During an era when Charles Dickens and Jane Austen were writing classic novels like Hard Times and Pride and Prejudice, annuals such as The Keepsake (1853) helped lesser-known authors and artists grace the homes of many Victorians. The annual was a compilation of short stories, poems, verses, and essays as well as illustrations and plates, typically bound fairly extravagantly. For the most part, these annuals were written by authors who weren’t well known, but who could make a fairly steady income off of contributing pieces consistently. This left the annual to be criticized by the more prominent writers of the time for its lack of literary quality; however, many authors who spurned the annual, such as William Wordsworth, also contributed due to the financial opportunity. For example, The Keepsake includes a short story called “The People at Baden-Baden” that was contributed anonymously by “A Shy Traveler,” but also contains a poem called “Lines to Lady Cochrane” by Walter Scott. Scott was notable enough to be offered the position of Poet Laureate in 1813, although he declined. This combination of lesser-known and well-known authors gave the annual a unique role in Victorian society.

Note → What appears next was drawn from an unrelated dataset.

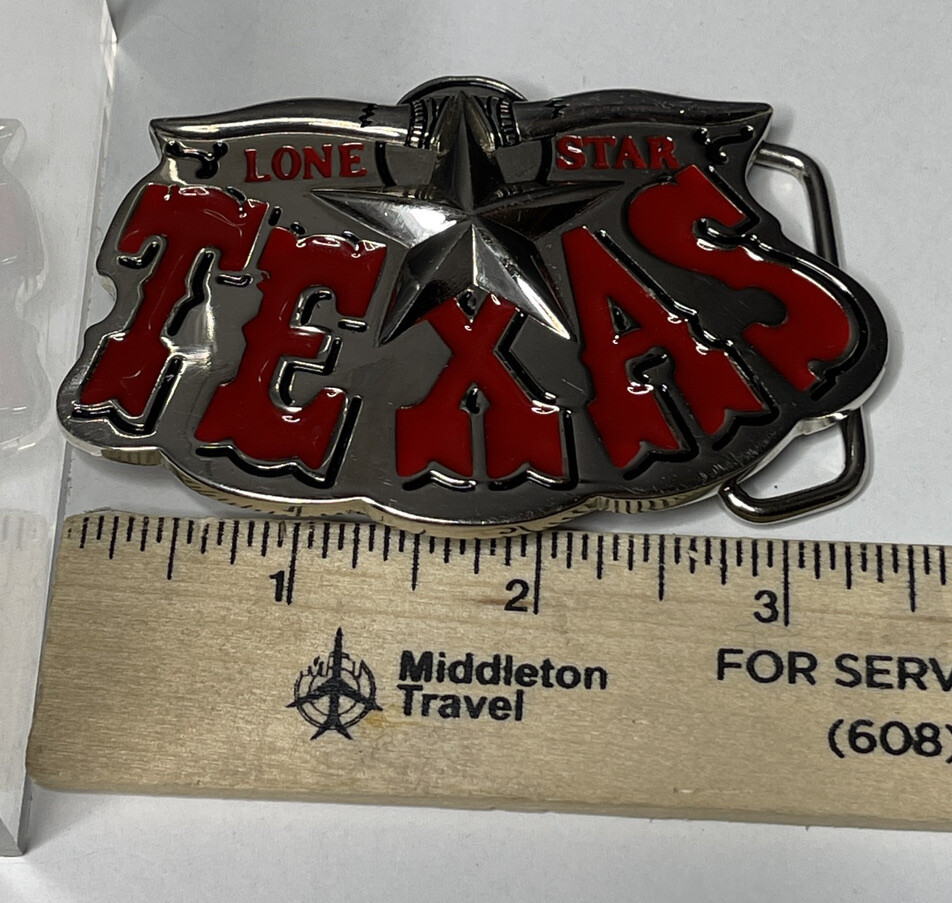 Lone Star State Texas Bull Horns Longhorn Red Letter Belt Buckle Western Country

The Keepsake and other annuals would have primarily been considered gift books, typically given around the holidays. They became a sign of taste, readily displayed in the drawing rooms of Victorian homes due to their elegant covers and illustrations. Their combination of prominent and unknown authors with various forms of shorter works contributed to their purpose as a casual read. Furthermore, annuals were largely aimed at women, allowing them to feel literate without stepping outside of their social roles. The Keepsake and other annuals continued to be gifted and read casually through much of the 19th century. However, they eventually gave way to the demand for works of more notable authors and artists which prevailed in the late 1800s.